We provide training to teachers and future teachers, helping them develop the confidence and skills to use the environment as a resource or context for learning no matter what part of the curriculum they are teaching. The aim is to show an alternative setting for teaching, that adds value rather than just trying to add something to an already full-to-bursting curriculum.
School-based environmental education programmes have been running under Cape to City and Poutiri Ao ō Tāne since 2012, two collaborative projects which have recently been come under PFHB. These two programmes use inquiry-based learning and support the class or school to take on their own projects and journeys. Read an evaluation of the programmes.
By working with schools, it became obvious that teachers were eager for support, to develop skills and confidence to continue their journey with students and be comfortable using the environment as a context for their teaching. Students also clearly thrived in this learning environment where this style of hands on exploratory learning gives relevance across multiple areas of the curriculum. Over the last five years the team, including Ruud Kleinpaste (bug expert and project ambassador), have worked with Enviroschools and Hawke’s Bay Regional Council to create professional development workshops for teachers. These bring together teachers from Early Childhood Education (ECE) through to Secondary level, all learning with and from each other.
In 2017 Cape to City and Eastern Institute of Technology (EIT) signed an MOU to support their teacher training degrees. Now the team work closely with lecturers of both the ECE and primary education degrees to co-plan and deliver modules of these programmes, so that when the students graduate they have the confidence and tools to incorporate connecting with nature in all that they do.
Developing spaces for teachers to become confident in teaching in the outdoors, was the next step and in 2018 we received a grant from AirNZ Environment Trust (AirNZET) to develop a collaborative project.

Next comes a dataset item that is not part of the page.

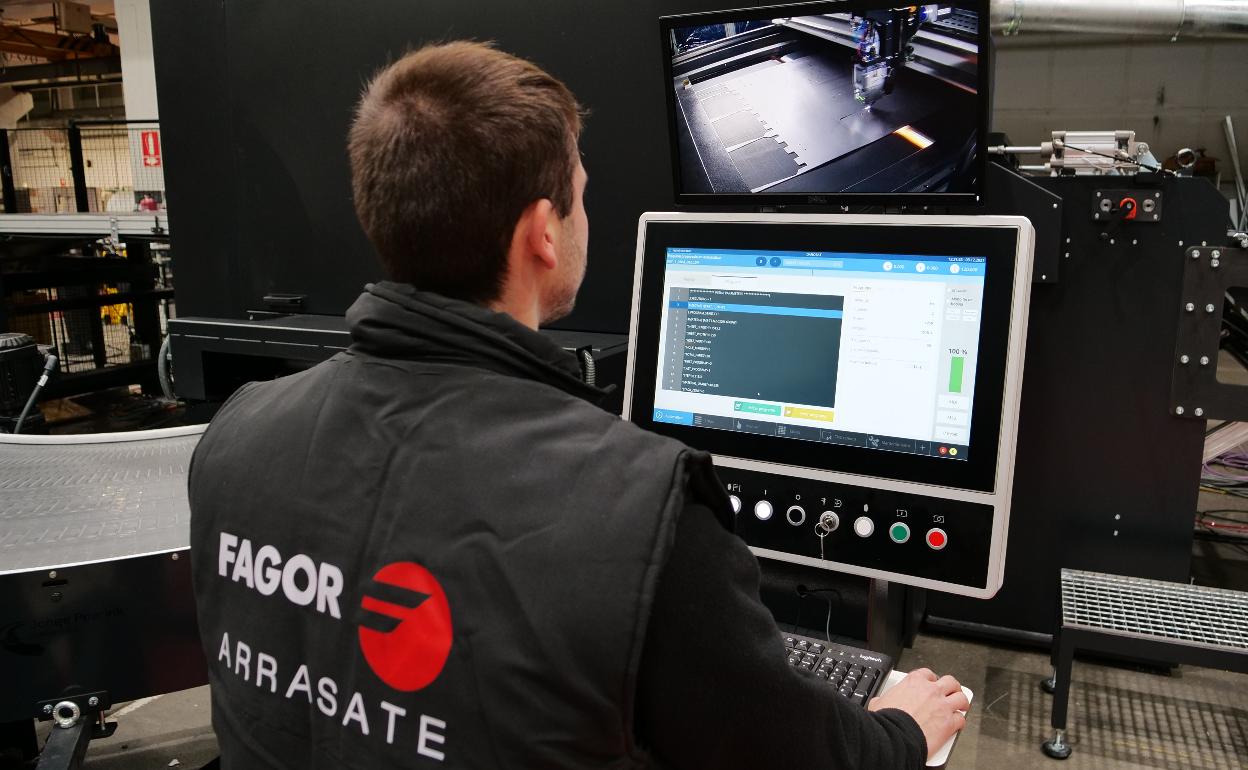 La cooperativa ha integrado recientemente la tecnología de corte por láser a partir de bobina de Danobatgroup.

AirNZET wanted to maximise their investment by putting the majority of their funding into developing outdoor learning spaces and ‘teaching the teachers’ programmes up the East Coast, mainly through EIT with support from the other partners including Enviroschools, Cape to City, Wildlab, Ngāti Pārau and Mangarara.
First cab off the rank was a space at EIT’s Taradale Campus, in the shadow of Ōtātara Pā. Developing the Ōtātara Outdoor Learning Centre has been a collaborative and organic process, which has led to not only EIT’s School of Education developing and using the site, but many other EIT schools getting on board - nursing, primary industries, and Māori studies have teamed up to create a Rongoā garden, and primary industry students are developing a planting area and planning sustainable land management projects. All this before the site officially opened.
From small beginnings, working together and dreaming big, these collaborations have delivered outcomes beyond our wildest dreams to a place where a Tertiary Institute has shifted the way they educate and is leading the way to connect their students and others with nature – how cool is that!
The Environmental Education for Sustainability Strategy and Action Plan 2017-2021 asks us to “Imagine growing generations of New Zealanders who understand environmental issues and actively contribute to a healthy and sustainable future for us all.”
These collaborations will provide a great case study to see if through a co-ordinated, multi-pronged, teaching the teachers approach we find that we no longer have to “imagine” a community who understands environmental issues and positively contributes to them – it becomes a reality.